Orales Semaglutid bei Adipositas

Einmal täglich orales Semaglutid konnte in einer Studie bei Erwachsenen mit Übergewicht ohne Diabetes eine klinisch bedeutsame Gewichtsabnahme herbeiführen.

Hoffnungsträger für Übergewichtige

Das Antidiabetikum Semaglutid ist seit 2018 zur Behandlung des unzureichend kontrollierten Diabetes mellitus Typ 2 zugelassen. 2022 folgte die Zulassung zum Gewichtsmanagement bei Menschen mit Adipositas oder Übergewicht und anderen damit verbundenen Erkrankungen. Der Wirkstoff zählt zu den Glucagon-like Peptide-1-Rezeptoragonisten (GLP-1-RA) und steigert die Insulinsekretion, verzögert die Magenentleerung, verbessert die Esskontrolle und verstärkt das Sättigungsgefühl.

Dass der Wirkstoff auch bei übergewichtigen und adipösen Nichtdiabetikern zu einem klinisch relevanten Gewichtsverlust führt, konnten vergangene Studien bereits zeigen. Bisher stand jedoch die subkutane Applikation des Wirkstoffs im Fokus. Nach positiven Ergebnissen zu oralen Dosierungen zur Behandlung von Typ-2-Diabetikern wurden nun Daten zur oralen Anwendung bei Übergewichtigen ohne Diabetes veröffentlicht.

Im Durchschnitt 15% Gewichtsreduktion

667 Erwachsene ohne Diabetes mit einem Body Mass Index (BMI) von mindestens 30 kg/m² oder mindestens 27 kg/m² plus körpergewichtsbedingten Komplikationen und Komorbiditäten erhielten in der Phase-III-Überlegenheitsstudie einmal täglich 50 mg Semaglutid oral bzw. Placebo über 68 Wochen.

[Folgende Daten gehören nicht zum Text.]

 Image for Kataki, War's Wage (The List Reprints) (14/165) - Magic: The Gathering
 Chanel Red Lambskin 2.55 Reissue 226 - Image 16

Zusätzlich wurden Lebensstilinterventionen durchgeführt.

Im Durchschnitt verloren die Teilnehmer der Semaglutid-Gruppe 15,1% und jene der Placebo-Gruppe 2,4% an Körpergewicht, das ergab einen Behandlungsunterschied von −12,7 Prozentpunkten (95%-Konfidenzintervall [KI] −14,2 bis −11,3; p<0·0001).

85% versus 26% verloren mindestens 5% Gewicht

Die Teilnehmer konnten folgende Gewichtsreduktionen erreichen:

  • Mindestens 5%: 269 (85%) unter Semaglutid vs. 76 (26%) unter Placebo (Odds-Ratio [OR] 12,6; 95%-KI 8,5 bis 18,7; p<0,0001)
  • Mindestens 10%: 220 (69%) vs. 35 (12%) (OR 14,7; 95%-KI 9,6 bis 22,6)
  • Mindestens 15%: 170 (54%) vs. 17 (6%) (OR 17,9; 95%-KI 10,4 bis 30,7)
  • Mindestens 20%: 107 (34%) vs. 8 (3%) (OR 18,5; 95%-KI 8,8 bis 38,9).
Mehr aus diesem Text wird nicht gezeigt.